Provided data
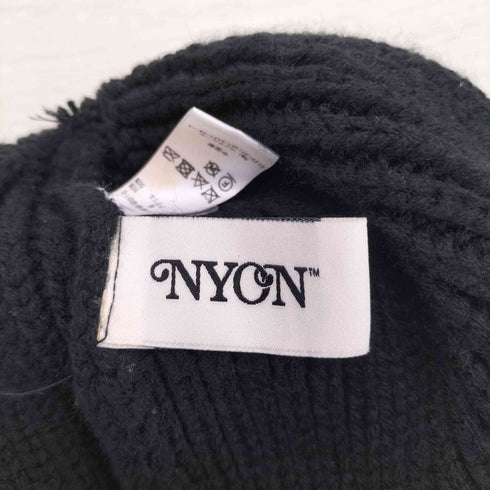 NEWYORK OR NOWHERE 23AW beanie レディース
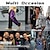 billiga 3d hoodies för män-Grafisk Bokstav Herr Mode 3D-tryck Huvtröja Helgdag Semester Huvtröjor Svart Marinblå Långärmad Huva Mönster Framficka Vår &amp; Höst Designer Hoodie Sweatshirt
* * *
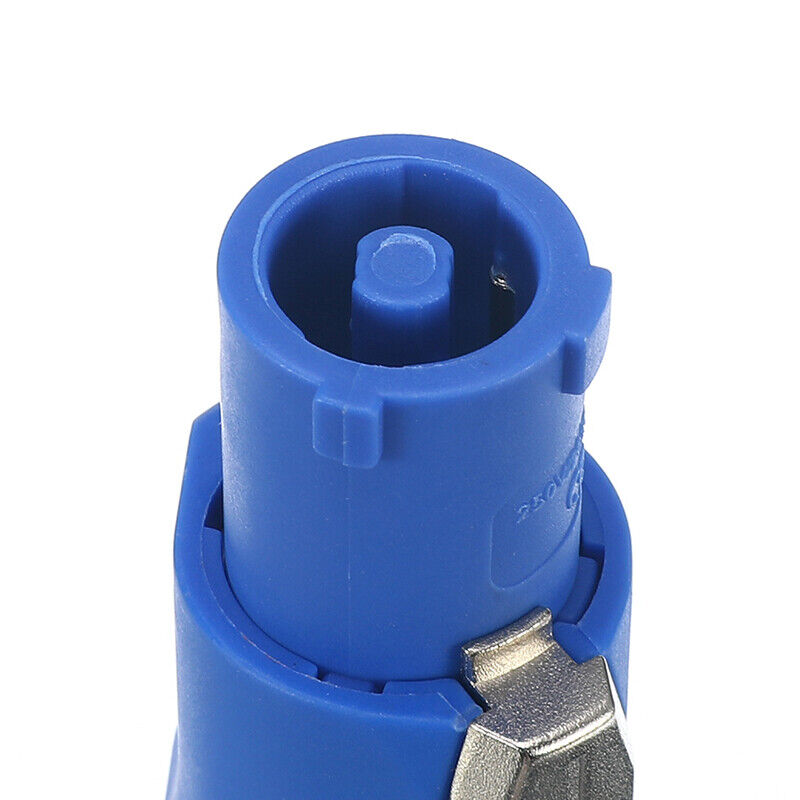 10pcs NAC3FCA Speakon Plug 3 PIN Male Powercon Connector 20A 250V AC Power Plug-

Work instruction
Please return the data above exactly as it stands from the line with "NEWYORK OR NOWHERE 23AW beanie レディース" to the line with "billiga 3d hoodies", keeping both of those lines but none of the pictures.

Solution
 NEWYORK OR NOWHERE 23AW beanie レディース
 billiga 3d hoodies för män-Grafisk Bokstav Herr Mode 3D-tryck Huvtröja Helgdag Semester Huvtröjor Svart Marinblå Långärmad Huva Mönster Framficka Vår &amp; Höst Designer Hoodie Sweatshirt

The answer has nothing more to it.